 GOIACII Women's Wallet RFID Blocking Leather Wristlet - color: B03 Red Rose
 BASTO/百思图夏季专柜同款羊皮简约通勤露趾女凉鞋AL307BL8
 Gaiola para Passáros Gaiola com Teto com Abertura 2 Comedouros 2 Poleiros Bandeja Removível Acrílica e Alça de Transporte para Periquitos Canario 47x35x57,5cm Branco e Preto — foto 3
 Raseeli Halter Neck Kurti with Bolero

* * *

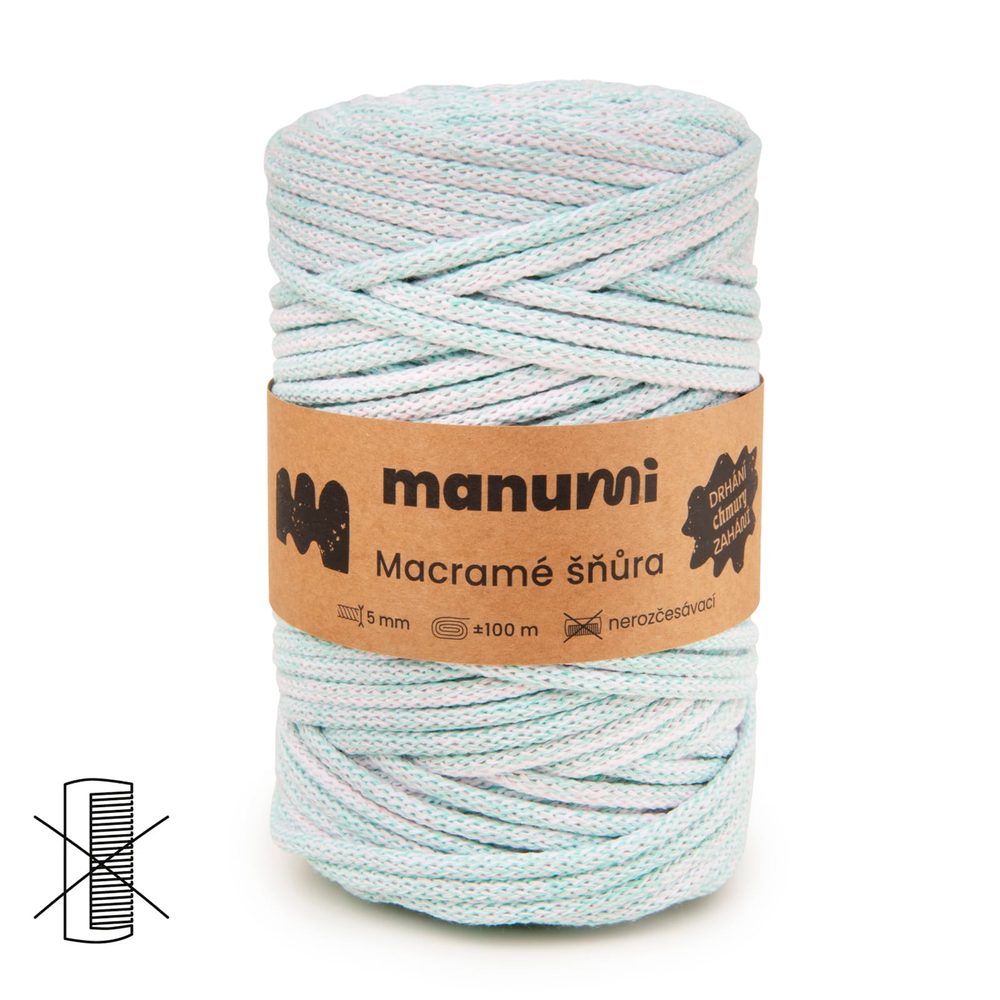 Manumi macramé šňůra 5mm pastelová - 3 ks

...

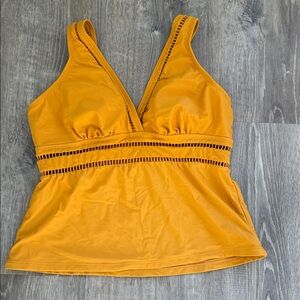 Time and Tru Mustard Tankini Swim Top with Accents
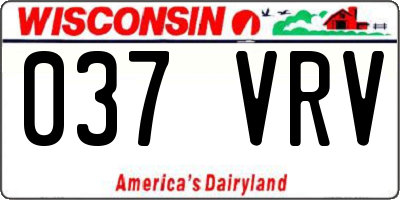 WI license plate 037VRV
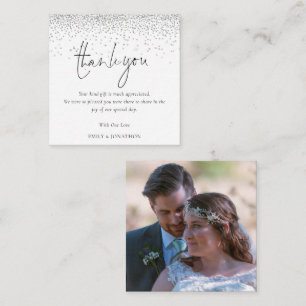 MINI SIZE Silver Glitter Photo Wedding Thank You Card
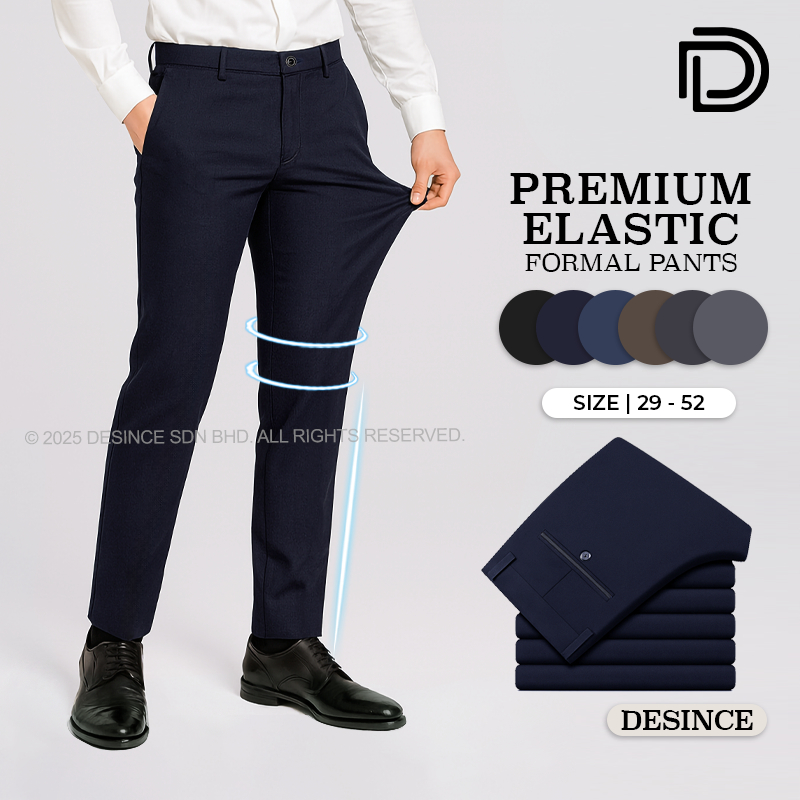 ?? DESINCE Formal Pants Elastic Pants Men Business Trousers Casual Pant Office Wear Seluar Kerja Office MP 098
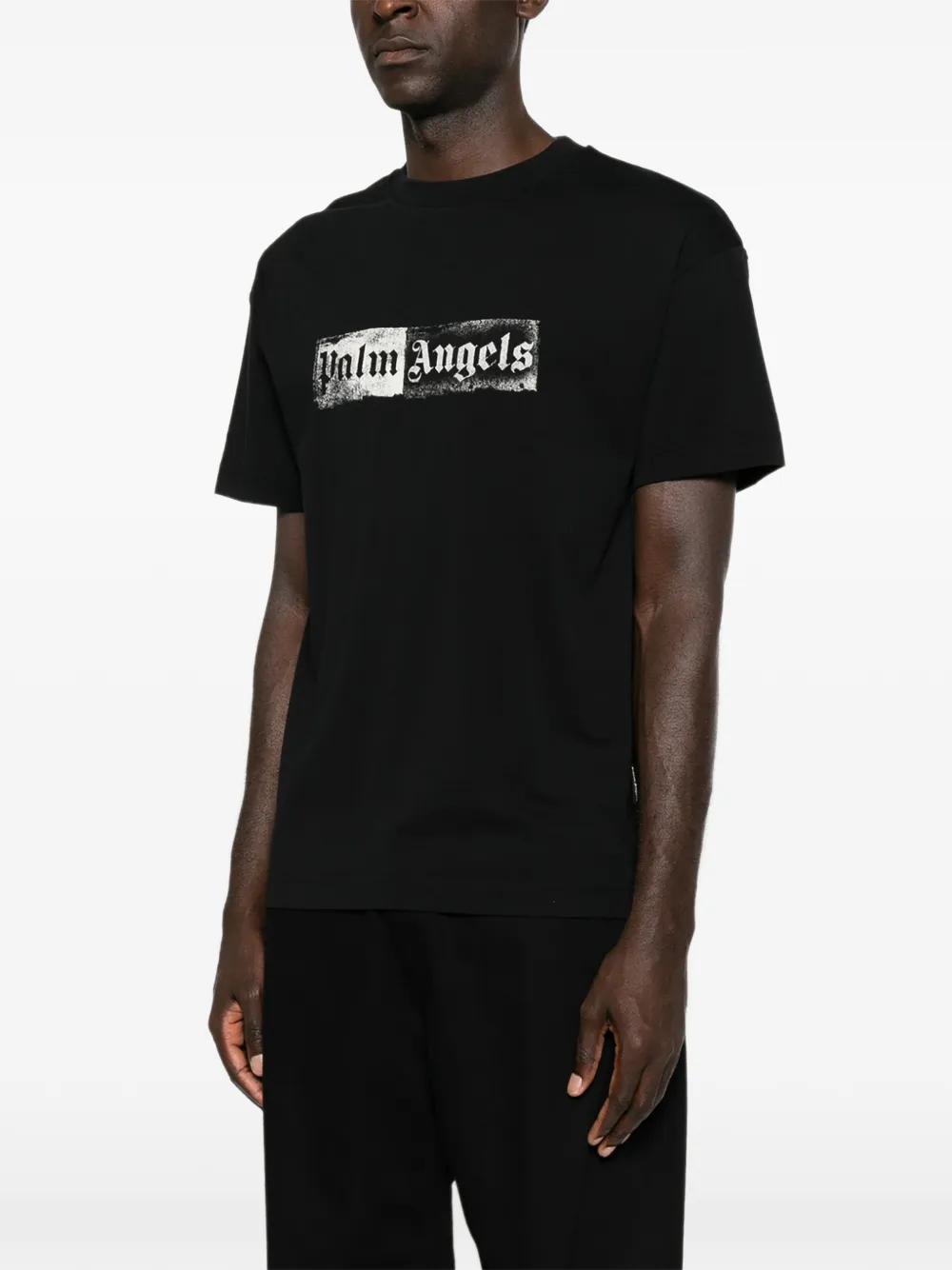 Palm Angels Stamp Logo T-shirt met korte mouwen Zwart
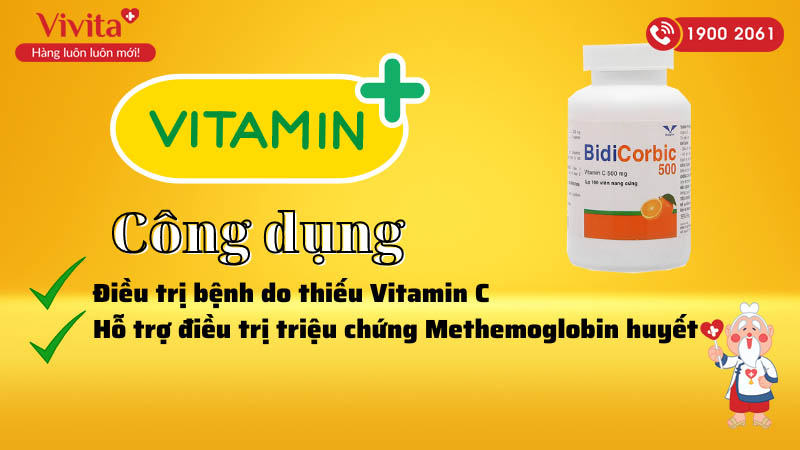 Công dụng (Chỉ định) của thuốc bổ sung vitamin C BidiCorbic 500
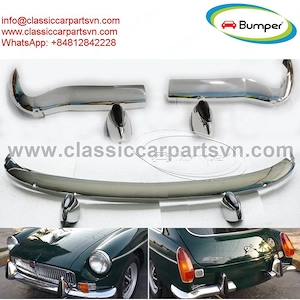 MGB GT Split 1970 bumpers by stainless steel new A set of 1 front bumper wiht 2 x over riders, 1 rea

Exercise brief:
Working from the entries above, reproduce exactly and only the lines beginning with the line that has "Công dụng (Chỉ định)" and ending with the line that has "MGB GT Split"; omit all pictures.

Task answer:
 Công dụng (Chỉ định) của thuốc bổ sung vitamin C BidiCorbic 500
 MGB GT Split 1970 bumpers by stainless steel new A set of 1 front bumper wiht 2 x over riders, 1 rea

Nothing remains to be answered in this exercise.